A look at Tables 11 and 12, where shape and decoration are split, presents another story: in regard to shape alone, Knossos of all the Cretan sites is still most similar to Akrotiri. Palaikastro is still in second place, but is now tied with Nerokourou. The matrix for decoration tells quite another story, however. Palaikastro, with a dissimilarity of 4, is almost identical to Akrotiri. It is followed by Mallia, Kommos and Arkhanes, with Knossos running a poor filth. There are no great differences, however, with only Pyrgos differing to any great extent. The considerably greater distance between Akrotiri and Pyrgos compared to the rest of the units is perhaps the result of one of the less suitable properties of the use of standardized data. It is a result of the effect of the presence of 2% of cups exhibiting decoration code 5 (painted inside only) at Pyrgos and a total absence of this variable at all the other sites with the exception of Knossos, where there was one cup with decoration code 5.

 

The pattern of decoration provided by the similarity matrix differs quite considerably from the compilation of decorated cups (Fig. 8) based on form, which was reported above. This apparent discrepancy can be explained by how one views decorated cups - as a shape upon which something may or may not be added, or as the pattern of various types of decoration in relation to each other, regardless of the medium upon which they are applied. The former approach corresponds to the composite drawing, Fig. 8, while the latter represents the patterns seen in the percentages, Table 3.

The function of the Akrotiri cups, as expressed through the use of fire and volumes greater than 14 cc is seen in Table 13, where it is most similar to that of the cups from Kommos, Pyrgos and Zakros.

Thus the analysis of the similarity matrices indicates that Akrotiri is most similar in shape to sites on the north coast: Knossos, followed by Palaikastro, Arkhanes and Nerokourou. As the information from Arkhanes is based on only 15 conical cups, all results concerning it must be taken with reservation. In terms of decoration another pattern emerges, with Palaikastro closest, followed by Mallia and Kommos, while Akrotiri equals the sites along the south coast and the east as regards function (Kommos, Pyrgos and Zakros). Thus it would appear that the conical cups at Akrotiri were thrown like the ones at Knossos, decorated like those at Palaikastro and used like those from the south coast.

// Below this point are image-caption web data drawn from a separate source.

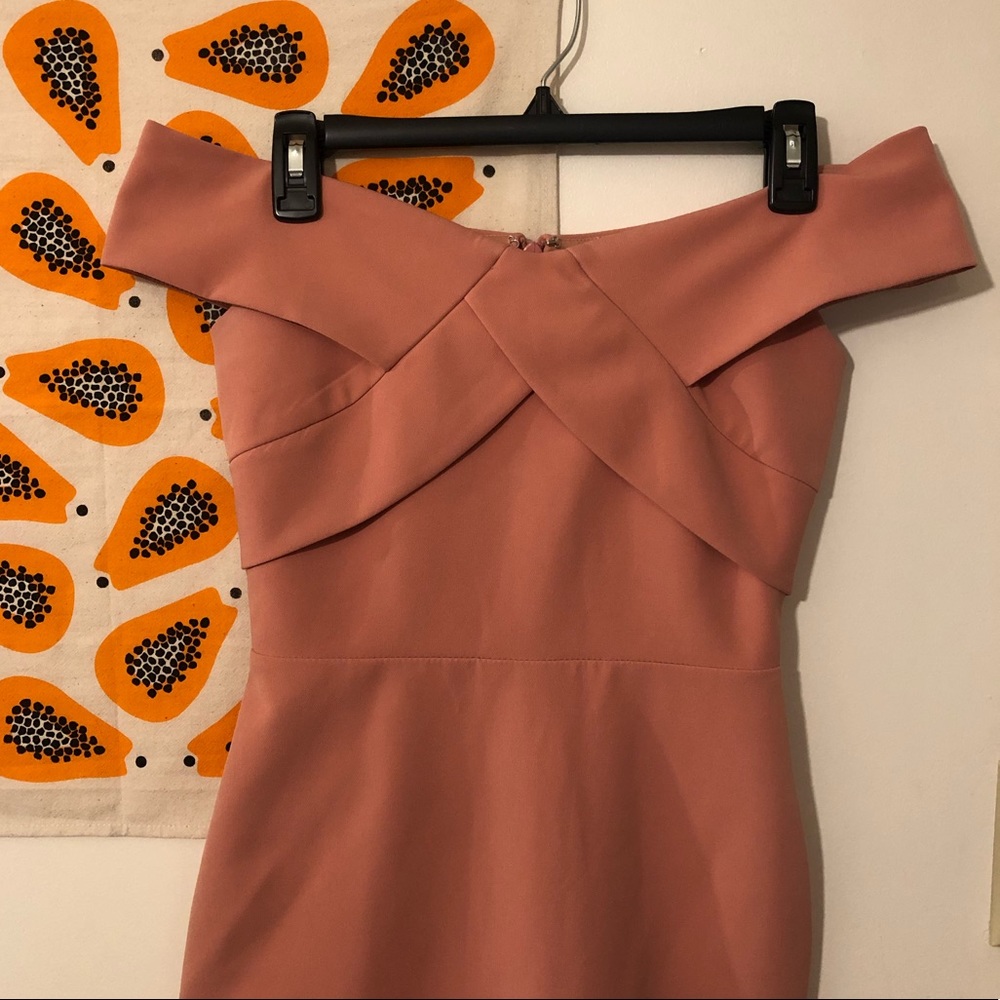 River Island Bodycon off the shoulder dress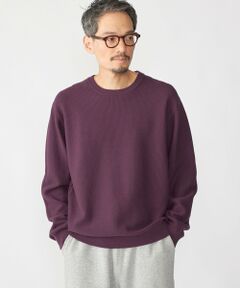 SHIPS / シップス ニット・セーター | SHIPS:〈手洗い可能〉TEXBRID(R) コットン ウール ピケ クルーネック ニット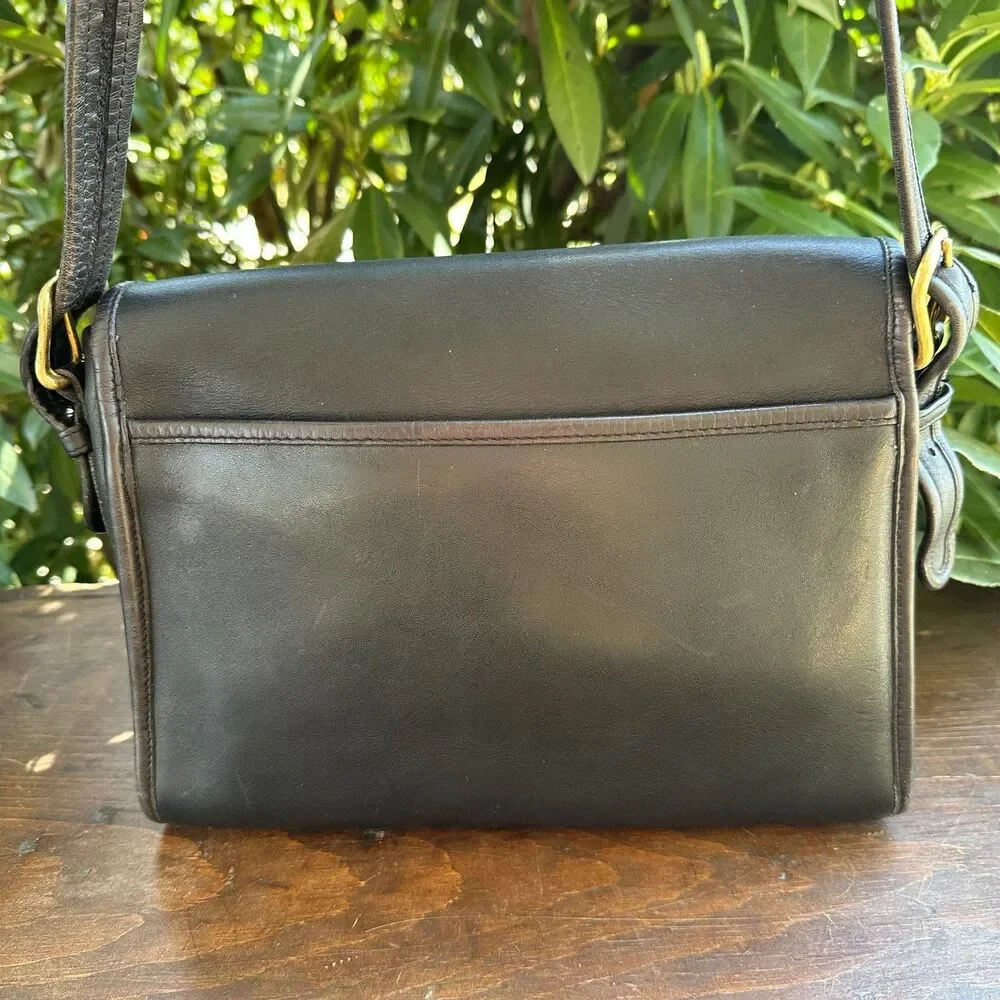 Vintage Coach Spectator Bag 9796 Black NYC - Picture 2 of 9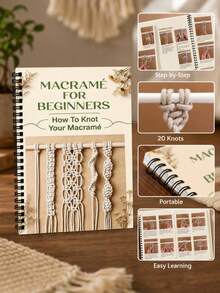1pc Knotting & Macrame Basics Notebook, Spiral Bound Practice Book, Includes Easy-To-Follow Knotting Tutorials And Professional Handmade Journal, Help You Master Rope Art From Scratch - Multiple Styles - View 10
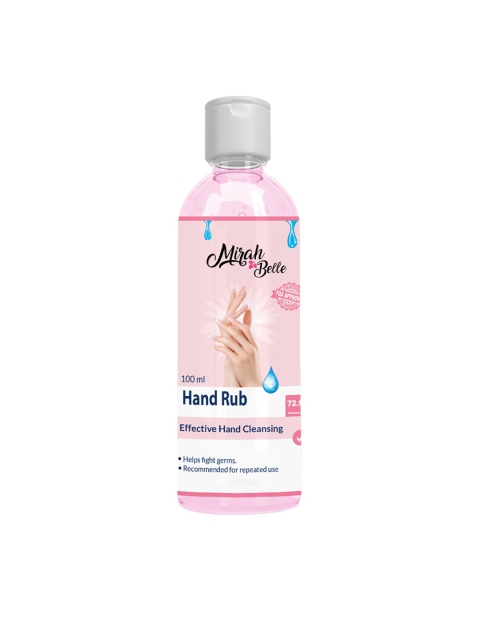 Mirah Belle Pink Hand Rub Sanitizer Gel 100 ml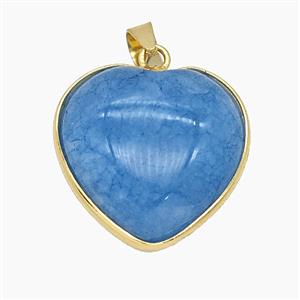 Gemstone Pendant, Gold Plated, approx 22mm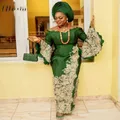 Robes de soirée vertes caftan avec appliques en dentelle Aso Ebi Rhafricain formel quelque chose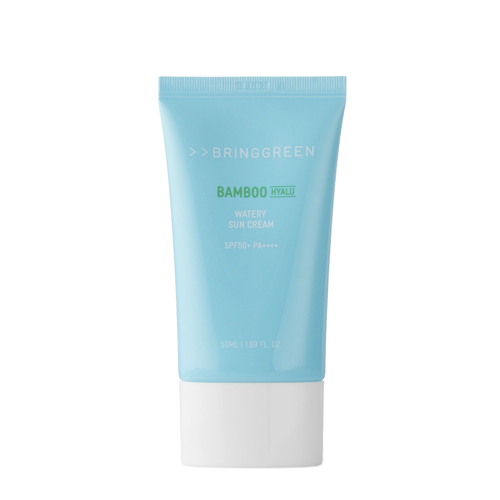 Bring Green - Bamboo Hyalu Hydrating Cream - Krem do Twarzy z Sokiem z Bambusa - 50ml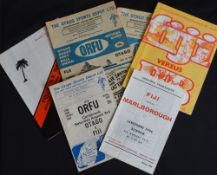 1970-75 Fiji in NZ Rugby Programmes (6): 1970 v Otago (2), 1974 v Otago, Marlborough, NZ Maori and v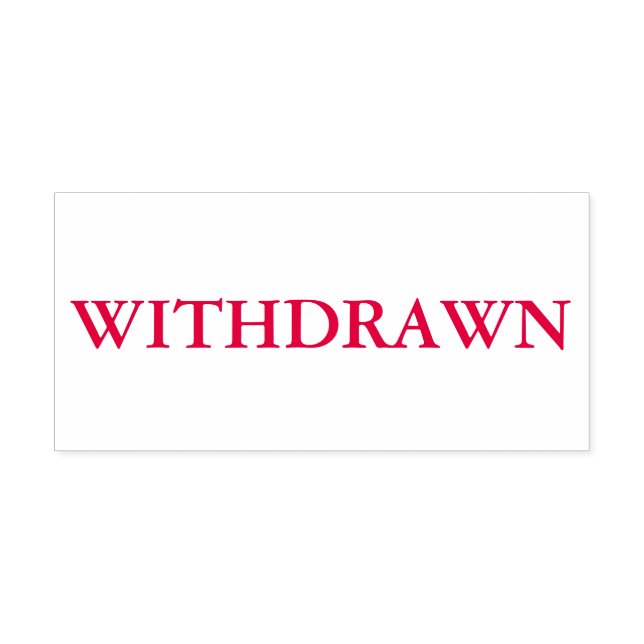 Rot zurückgezogen permastempel (Design)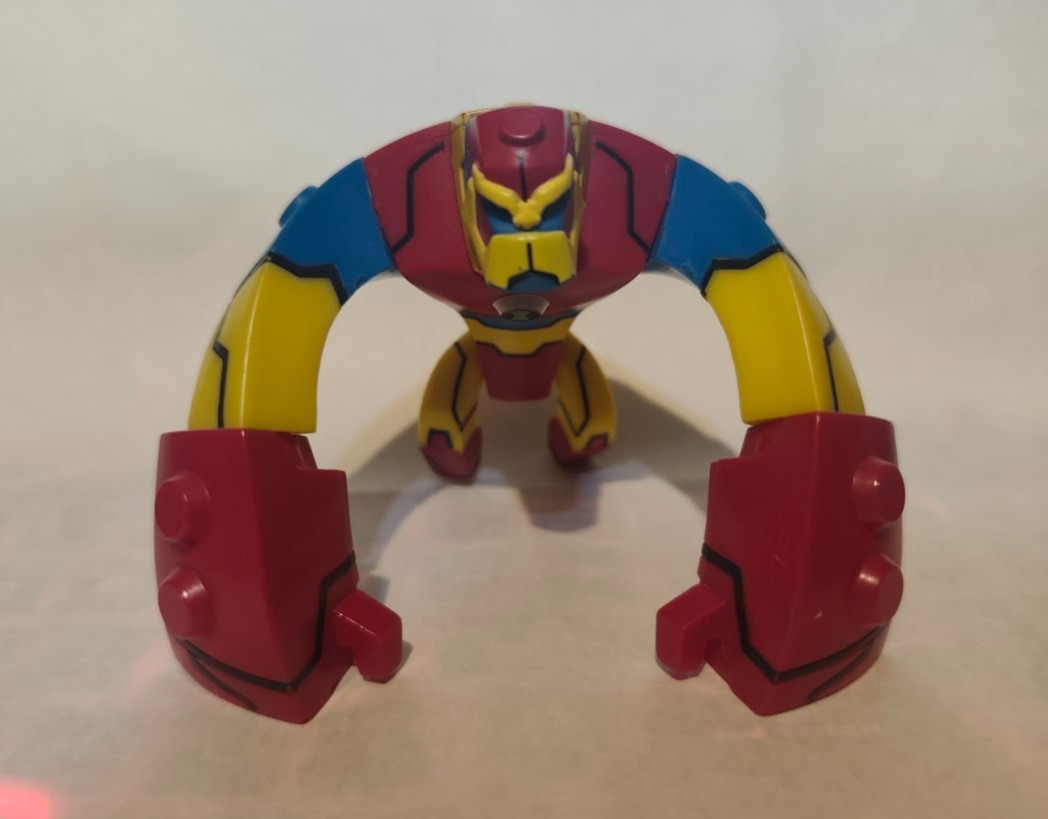 Cartoon Network Bandai 2011 Ben 10 Omniverse Bloxx Cartoon Action Figure 3.5"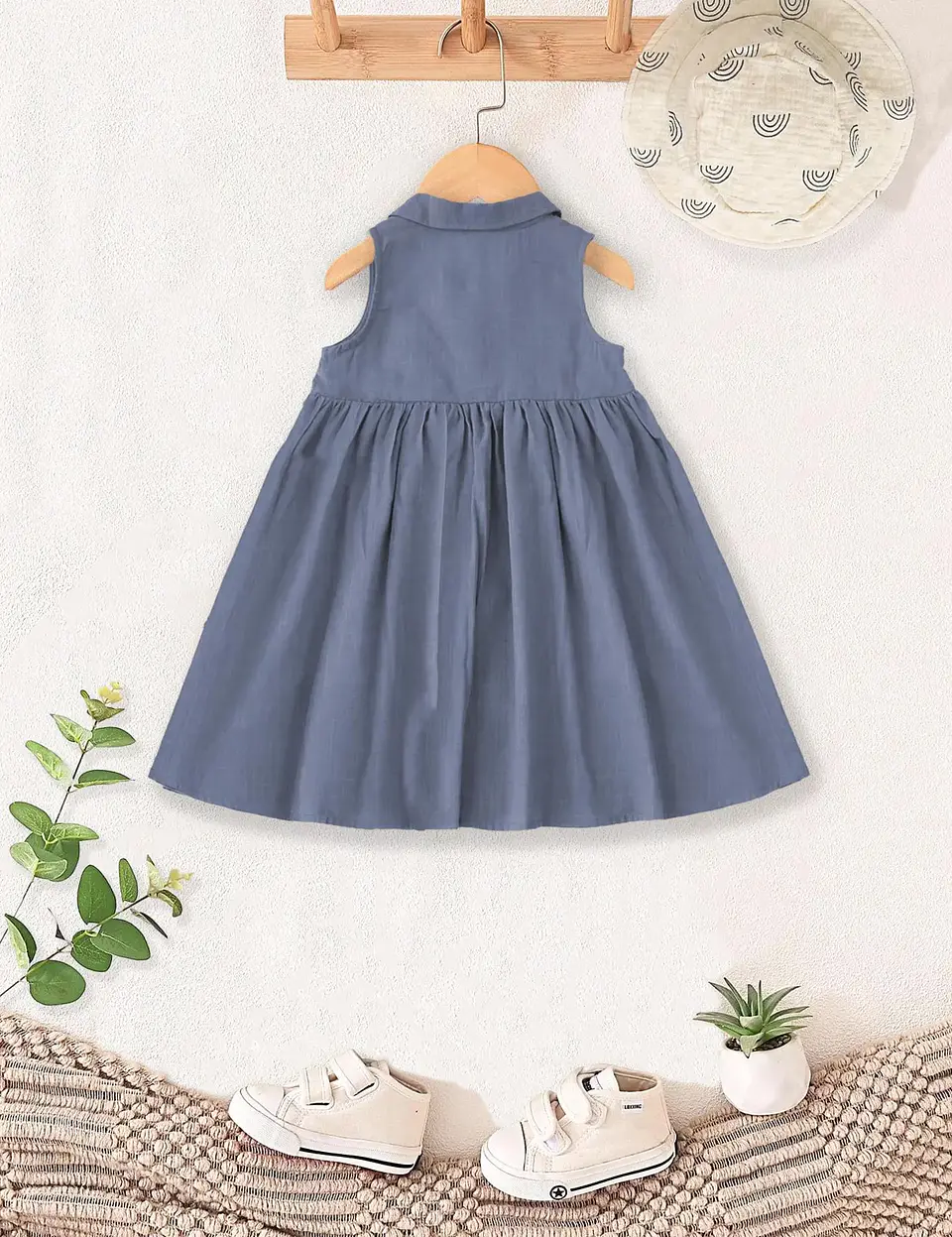 Children's Collared Summer Dress Sewing Pattern 3
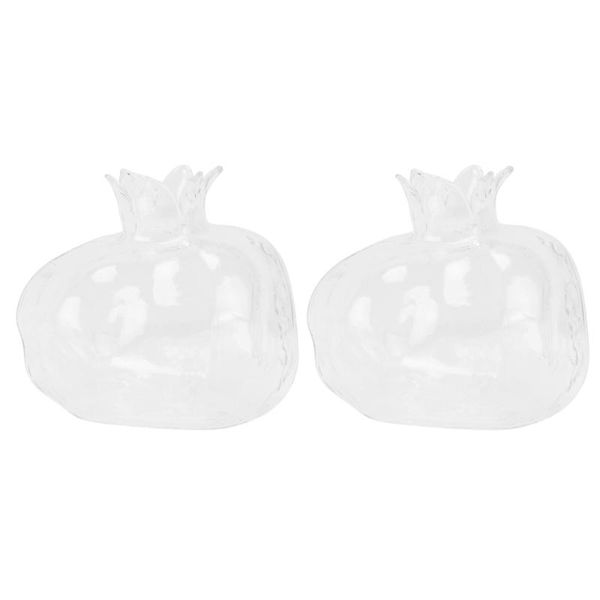 

vases 2pcs household vase decor glass dining table flower implement (transparent)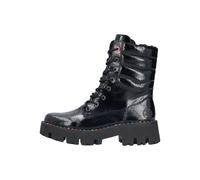 Schnürstiefelette RIEKER "Rieker Stiefelette Lederimitat", Damen, Gr. 40, schwarz (schwarz lack), Lederimitat, casual, Schuhe (61818536-40) schwarz lack
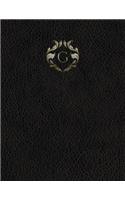 Monogram "g" Grid Sketchbook: (7 Monogram Black 150 Grid-Sketch)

The next step is to group the Cretan units by similarity to each other and to study the likeness of the Akrotiri assemblage to these groups. As mentioned above, a cluster analysis was used, based on the similarity matrices seen in Tables 10 - 13. The cluster analyses are represented here in the form of dendrograms (Fig. 14 - 17). In them we can see what we already have discovered, i.e., which Cretan sites group together and which groups Akrotiri most resembles concerning shape, decoration and function.

Concerning shape and decoration taken together (Table 9 variables 1 - 22, and Fig. 14), Knossos and Palaikastro form one group, Nerokourou, Arkhanes and Kommos another. In this second group, Nerokourou and Arkhanes are quite similar, more so than Knossos and Palaikastro to each other. Akrotiri is most similar to the first group, less similar to the second one, and least similar to the rest of the units, which are all three more or less distinct. The relative highness of the range of the numbers (136 - 334) representing the degree of dissimilarity between Akrotiri and the Cretan sites indicates that no Minoan site is very like Akrotiri, with Zakros and Pyrgos most different from Akrotiri, each other and the rest of the sites.

The dendrogram illustrating the similarities for shape alone (Fig. 15) is more or less the same as the one for shape and decoration, although Pyrgos is now added to the group that is most similar to Akrotiri. This similarity to Fig. 14 is explained by the large number of shape variables (18) compared with decoration (4). Here Mallia and Zakros are very different from Akrotiri and from each other as well. Zakros is most dissimilar to all the other sites (cf. Table 11).

In Fig. 16, the dendrogram for decoration only, the grouping is considerably different. Here there is a group consisting of Palaikastro, Kommos and Mallia which is similar to Akrotiri. Arkhanes and Nerokourou form another group. Knossos shares some similarities with the other sites, but no clear grouping is seen, while Pyrgos is quite different from the rest. As mentioned above in the discussion of Table 11, the explanation for the position of Pyrgos is due in part to statistical method.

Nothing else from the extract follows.